Ich spotkanie było zupełnie spontanicznie, a jakże udane. Rozmawiali o wszystkim i o niczym. Co robili przez te lata, czy im się powodzi i inne rzeczy. Wygłupiali się w parku, chlapali wodą w fontanny, a czasem poprostu rozmawiali na ławce.
-No i teraz właśnie szukam mieszkania... - Laura kończyła swoją opowieść.
-To nie źle... A tak przy okazji... to... Chciałem cie przeprosić...za tamto- blondyn spuścił głowę. Było mu wstyd za tamten incydent. To wszystko jego wina.
-Hej... Już dobrze... Już dawno Ci wybaczyłam -uśmiechnęła się miło.
-No i za to, że Cię w ogóle porwaliśmy... To było głupie... Przepraszam....
-Już dobrze. Zapomnijmy o tym... - przytuliła go. Mocno. Zdziwiony po chwili oddał gest. Jakże przyjemny gest.
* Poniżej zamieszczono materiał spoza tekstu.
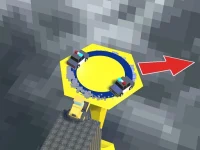 Crazy Roller Stunt image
W jego brzuchu zrodziło się tysiące motyli, a te motyle urządziły sobie karnawał.
-Tęskniłem za Tobą.
-Ja za Tobą też.

Kupili sobie lody. On czekoladowe, a ona cytrynowe.
Chłopak chciał spróbować jak smakuje czekolada cytrynowa, więc wziął i swojego loda docisnął do loda Laury. Niestety nie przewidział, że lód może spać na chodnik.
-Ej...! - dziewczyna zrobiła minę szczeniaczka.
-Ups? - uśmiechnął się słodko. Brunetka wskoczyła mu na ręce, przy czym i jego lód upadł.
-Za karę nieś mnie do fontanny.
-No dobra. - doniósł ją do fontanny i "przypadkiem" wrzucił do wody.
-Ty mendo jedna!!
-No co? Nie moja wina, że mi się wyślizgnęłaś - na jego twarzy zagościł szelmowski uśmiech.
-Co się tak szczerzysz?
-Nie nic... Ładny stanik.
-Co?! - spojrzała w dół. Tia... Czyli to nie był dobry pomysł, żeby ubierać różowy stanik i białą bokserke. Ale skąd mogła wiedzieć, że jakiś pacan ją w rzuci do fontanny? - ygh! Spadaj! - wstała i wyszła z wody.
-Oj kochanie... A co z naszymi dziećmi?
-Pff... Zabieram je ze sobą... Jeszcze je wrzucisz do fontanny...
-Ale one będą tęsknić za tatą... Laura! Czekaj!
Ludzie przechodzący obok kiwali głową z rozbawieniem. W końcu to nie codzienny widok. Cała mokra dziewczyna, która szła z uniesioną dumnie głową i chłopak, który szedł za nią i ją przepraszał.
-Przepraszam! Wróć do nas. Dzieci tęsknią. Nie radzę sobie. Nawet nie umiem im pomidorówki ugotować. - "zapłakał"
-HA! Nie umiesz zrobić pomidorowki?! - zaśmiała się.
-Kochanie! Już się nie gniewasz? - tuli ją mocno.
-Jasne, że nie - zaśmiała się.

Przyszedł czas, żeby wrócić do domu. Stali pod jej nowym domem.
-To chyba czas się pożegnać - uśmiechnął się niemrawo.
-Tak... Ale hej... Wiesz, że gdzie mieszkam... Zawsze możesz wpaść.
-Dzięki... Napewno wpadnę... Jutro przyjdę i ci pomogę się rozpakować, albo przesunę ci kanapę, albo pomaluje ścianę czyli wszystkie męskie sprawy, których ty nie zrobisz, bo jesteś panną. - uśmiechnął się na koniec.
-Ty chyba dawno nie dostałeś w twarz, co?
-Wiesz... Już jakieś dwa miesiące nie dostałem po buzi.
-Dobra dobra - zaśmiała się- możemy to naprawić, chcesz?
-Hah... Nie dzięki... To pa Lau...
-Pa Conor...-pocałowała go w policzek i weszła do mieszkania. Od razu skierowała się do swojej sypialni.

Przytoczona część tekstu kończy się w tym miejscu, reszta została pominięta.